▸ **THE TASK**:
Give back the entries exactly, ending with the "Hydrangea Print ID" line.

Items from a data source
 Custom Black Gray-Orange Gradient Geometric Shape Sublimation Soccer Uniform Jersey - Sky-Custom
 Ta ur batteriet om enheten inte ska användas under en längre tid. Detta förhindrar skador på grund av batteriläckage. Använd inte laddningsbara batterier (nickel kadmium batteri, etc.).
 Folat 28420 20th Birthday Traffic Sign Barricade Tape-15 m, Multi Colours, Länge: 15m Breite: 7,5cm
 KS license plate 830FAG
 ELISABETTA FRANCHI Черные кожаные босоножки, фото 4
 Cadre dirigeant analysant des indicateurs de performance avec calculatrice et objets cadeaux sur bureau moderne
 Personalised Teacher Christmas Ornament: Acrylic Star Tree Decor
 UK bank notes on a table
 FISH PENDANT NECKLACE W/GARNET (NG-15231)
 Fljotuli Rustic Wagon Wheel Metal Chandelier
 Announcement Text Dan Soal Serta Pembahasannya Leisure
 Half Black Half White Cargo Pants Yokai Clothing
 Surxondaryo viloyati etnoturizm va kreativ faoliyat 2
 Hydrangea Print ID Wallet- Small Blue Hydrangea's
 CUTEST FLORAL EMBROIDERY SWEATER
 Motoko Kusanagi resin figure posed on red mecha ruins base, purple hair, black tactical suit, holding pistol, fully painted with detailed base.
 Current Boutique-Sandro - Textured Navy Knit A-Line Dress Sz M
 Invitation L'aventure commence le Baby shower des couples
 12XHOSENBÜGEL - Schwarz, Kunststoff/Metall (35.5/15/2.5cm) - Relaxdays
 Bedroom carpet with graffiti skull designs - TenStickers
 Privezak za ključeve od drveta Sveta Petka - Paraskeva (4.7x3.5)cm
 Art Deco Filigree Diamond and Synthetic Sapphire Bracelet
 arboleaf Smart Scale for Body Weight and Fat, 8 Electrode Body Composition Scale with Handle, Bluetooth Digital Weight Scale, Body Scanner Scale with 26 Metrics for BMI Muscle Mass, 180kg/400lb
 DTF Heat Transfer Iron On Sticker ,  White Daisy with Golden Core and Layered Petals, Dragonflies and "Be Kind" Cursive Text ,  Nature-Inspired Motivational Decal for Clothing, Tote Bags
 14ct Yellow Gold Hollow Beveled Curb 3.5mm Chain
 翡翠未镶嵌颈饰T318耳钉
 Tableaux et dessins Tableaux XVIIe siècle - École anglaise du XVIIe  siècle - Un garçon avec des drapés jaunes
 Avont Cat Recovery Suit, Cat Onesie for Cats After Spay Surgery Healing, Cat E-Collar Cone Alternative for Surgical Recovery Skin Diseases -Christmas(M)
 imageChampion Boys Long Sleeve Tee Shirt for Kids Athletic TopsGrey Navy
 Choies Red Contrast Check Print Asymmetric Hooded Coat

▸ **THE COMPLETED TASK**:
 Custom Black Gray-Orange Gradient Geometric Shape Sublimation Soccer Uniform Jersey - Sky-Custom
 Ta ur batteriet om enheten inte ska användas under en längre tid. Detta förhindrar skador på grund av batteriläckage. Använd inte laddningsbara batterier (nickel kadmium batteri, etc.).
 Folat 28420 20th Birthday Traffic Sign Barricade Tape-15 m, Multi Colours, Länge: 15m Breite: 7,5cm
 KS license plate 830FAG
 ELISABETTA FRANCHI Черные кожаные босоножки, фото 4
 Cadre dirigeant analysant des indicateurs de performance avec calculatrice et objets cadeaux sur bureau moderne
 Personalised Teacher Christmas Ornament: Acrylic Star Tree Decor
 UK bank notes on a table
 FISH PENDANT NECKLACE W/GARNET (NG-15231)
 Fljotuli Rustic Wagon Wheel Metal Chandelier
 Announcement Text Dan Soal Serta Pembahasannya Leisure
 Half Black Half White Cargo Pants Yokai Clothing
 Surxondaryo viloyati etnoturizm va kreativ faoliyat 2
 Hydrangea Print ID Wallet- Small Blue Hydrangea's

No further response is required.